#### What you need to do
Transcribe the listing below in full, exactly, with no images.
(Study material begins)
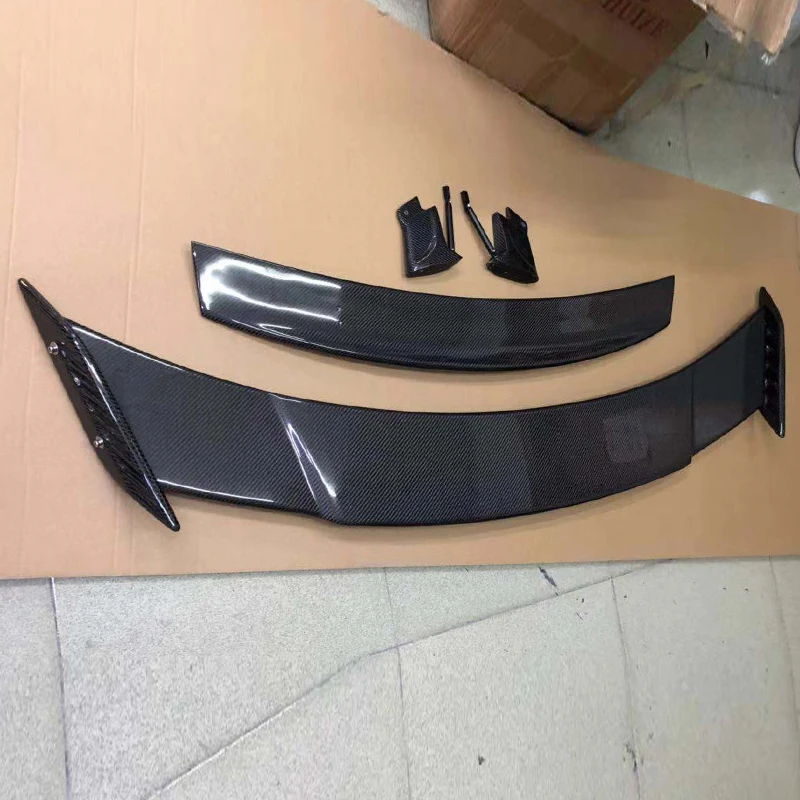Задний спойлер из углеродного волокна задний для багажника автомобильные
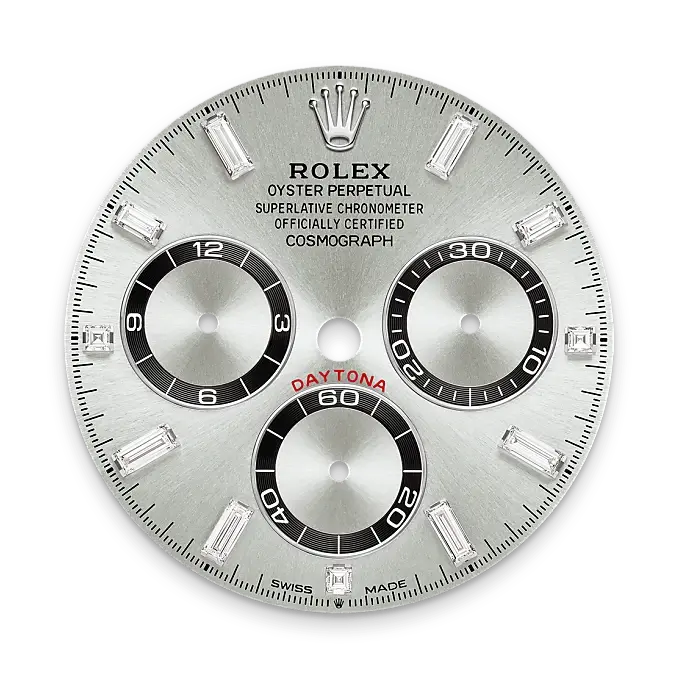 Rolex Cosmograph Daytona in 18 ct white gold with lugs set with diamonds, M126539TBR-0002 - Swiss Time Square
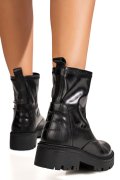 GHETE NEGRE PIELE NATURALA TS77IMA2067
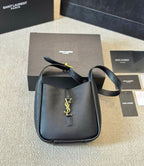 Saint LaurentToy 5 à 7 Bucket Bag (Black Grained Leather)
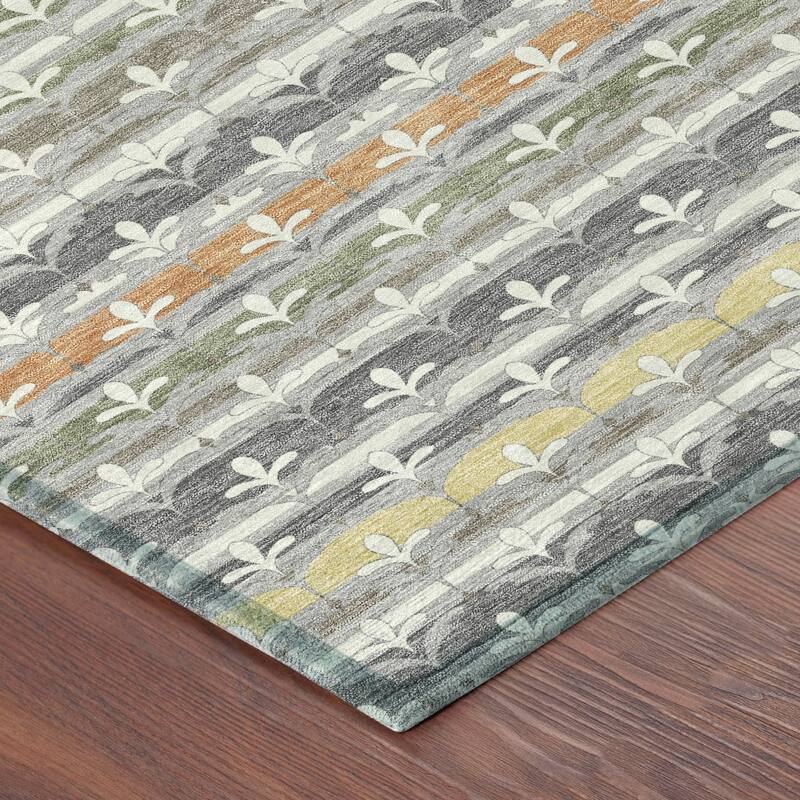 Machine Washable Indoor/ Outdoor Stripe Bramlage Chantille Rug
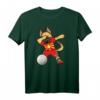Dabbing German Shepherd Volleyball T-Shirt für Mazedonische Fans - Lustiges Sportoutfit für Volleyballspieler, Trainer und Turnierjubler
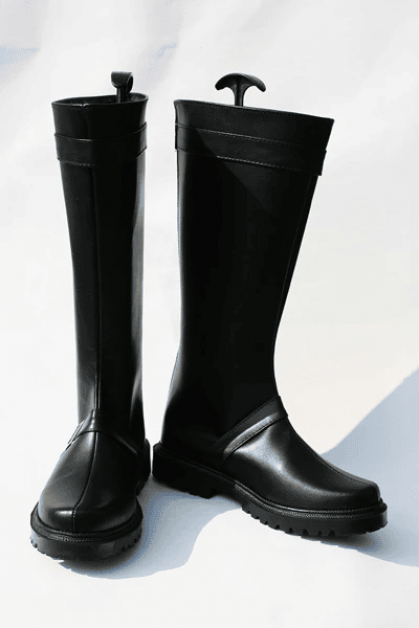 Gin Tama Sakata Gintoki Cosplay Boots Shoes Black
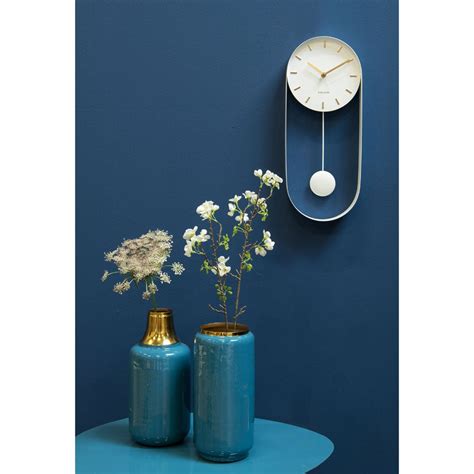 Karlsson Pendulum Charm Wall Clock (White) - Red Candy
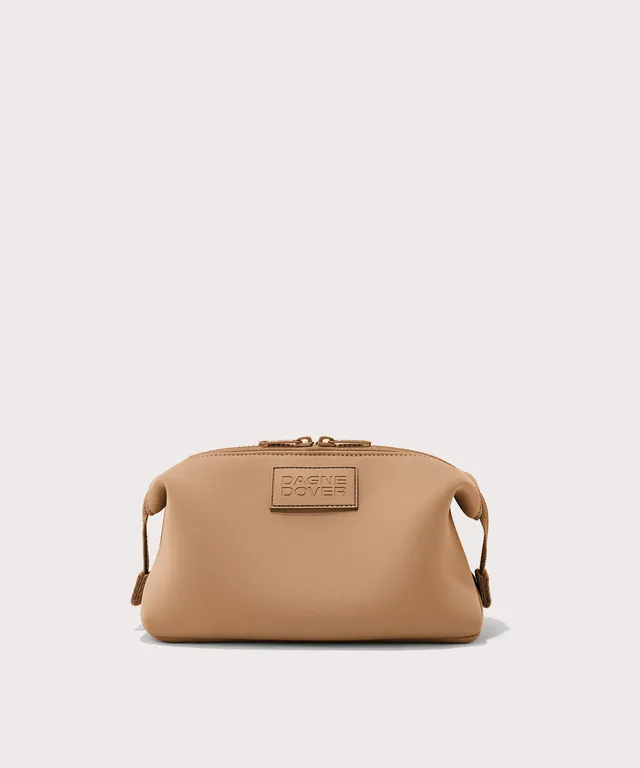 dagne-dover-hunter-toiletry-bag-large-in-camel-neoprene-travel-organizer-with-re image 1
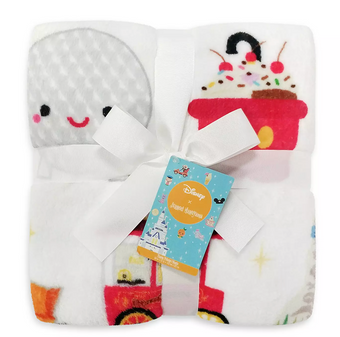 Disney Parks Cuties Figment Tiki Fleece Throw by Jerrod Maruyama New with Tag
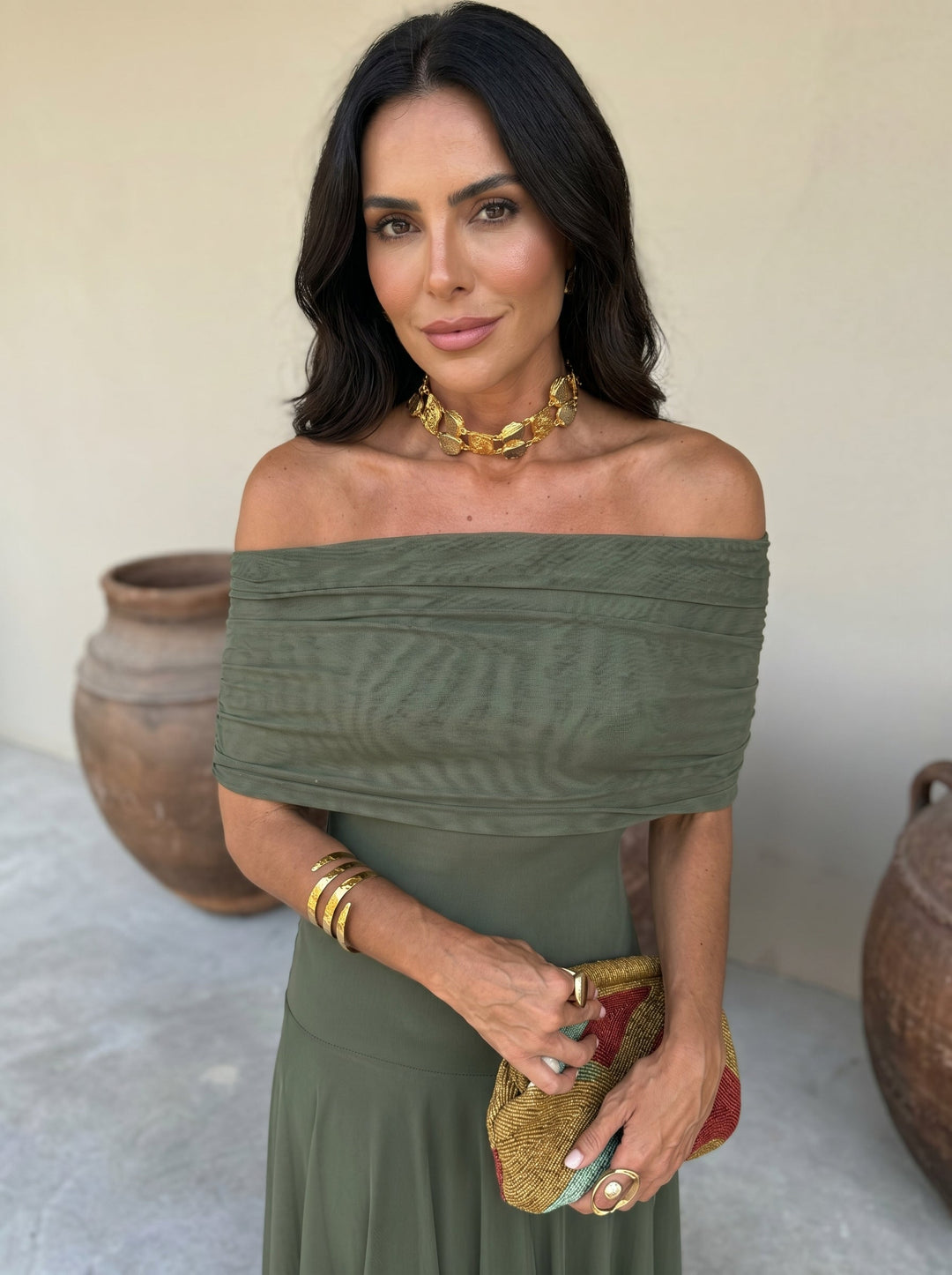 Robe Toledo en Soie Élégante pour Femme - Maison Élise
(Study material ends)
#### Written response
Задний спойлер из углеродного волокна задний для багажника автомобильные
 Rolex Cosmograph Daytona in 18 ct white gold with lugs set with diamonds, M126539TBR-0002 - Swiss Time Square
 GHETE NEGRE PIELE NATURALA TS77IMA2067
 Saint LaurentToy 5 à 7 Bucket Bag (Black Grained Leather)
 Machine Washable Indoor/ Outdoor Stripe Bramlage Chantille Rug
Dabbing German Shepherd Volleyball T-Shirt für Mazedonische Fans - Lustiges Sportoutfit für Volleyballspieler, Trainer und Turnierjubler
 Gin Tama Sakata Gintoki Cosplay Boots Shoes Black
 Karlsson Pendulum Charm Wall Clock (White) - Red Candy
 dagne-dover-hunter-toiletry-bag-large-in-camel-neoprene-travel-organizer-with-re image 1
 Disney Parks Cuties Figment Tiki Fleece Throw by Jerrod Maruyama New with Tag
 Robe Toledo en Soie Élégante pour Femme - Maison Élise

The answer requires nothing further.